The data depicts a clear “opioid belt” comprised of more than 90 counties across West Virginia, Virginia and Kentucky.
Where the pills went, death followed.
This is clear to see in a side by side comparison of recently released data showing exactly where—and to what extent—76 billion oxycodone and hydrocodone pills were distributed between 2006 and 2012, and CDC opioid death data from the same time period.
The DEA’s database tracked the “path of every single pain pill sold in the United States,” the Washington Post reported. The Post and HD Media (the publisher of the Charleston Gazette-Mail in West Virginia) were granted access to the database last Monday (July 15) after a year-long effort to make the data available, in the largest civil action in U.S. history.

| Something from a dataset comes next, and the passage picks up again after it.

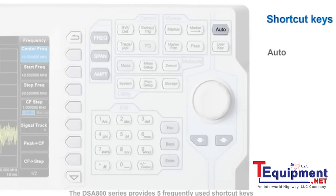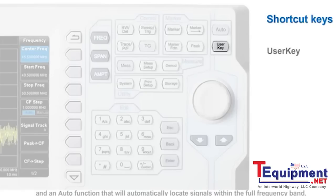The DSA800 series provides five frequently used shortcut keys and an auto function that will automatically locate signals within the full frequency band. There's also a user key that can be customized to enable a particular user-defined function.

The Post analyzed millions of transactions from 2006 to 2012, and made the data searchable by state or county. It found that 75% of the pain pills (oxycodone and hydrocodone) were distributed by just six companies in this time period—McKesson Corp., Walgreens, Cardinal Health, AmerisourceBergen, CVS and Walmart.
The Post then compared this data alongside CDC opioid death data. This showed a clear correlation between the number of pain pills that were sent to a region and how many people died of opioid-related causes there.
The data, visualized in two separate maps, depicts a clear “opioid belt” comprised of more than 90 counties covering Webster County, West Virginia, southern Virginia, and Monroe County, Kentucky.
Rural communities in West Virginia, Kentucky and Virginia experienced the highest per capita opioid death rate during this time period.
As the Post reported, the national opioid death rate was 4.6 deaths per 100,000 residents. “But the counties that had the most pills distributed per person experienced more than three times that rate on average.”
Even more shocking was that “13 of those counties had an opioid death rate more than eight times the national rate… Seven of them were in West Virginia.”
“What [the drug companies] did legally to my state is criminal,” said U.S. Senator Joe Manchin of West Virginia. “The companies, the distributors, were unconscionable. This was not a health plan. This was a targeted business plan. I cannot believe that we have not gone after them with criminal charges.”
So far Rochester Drug Cooperative, a drug distributor based in New York, has been the first and only to be hit with felony criminal charges for the illegal distribution of controlled substances.
Nearly 2,000 lawsuits against drug companies, including Johnson & Johnson and Purdue Pharma, are pending in federal court. The lawsuits claim that the companies irresponsibly marketed and distributed powerful opioid drugs with little consideration for the risk of patients becoming addicted or dying.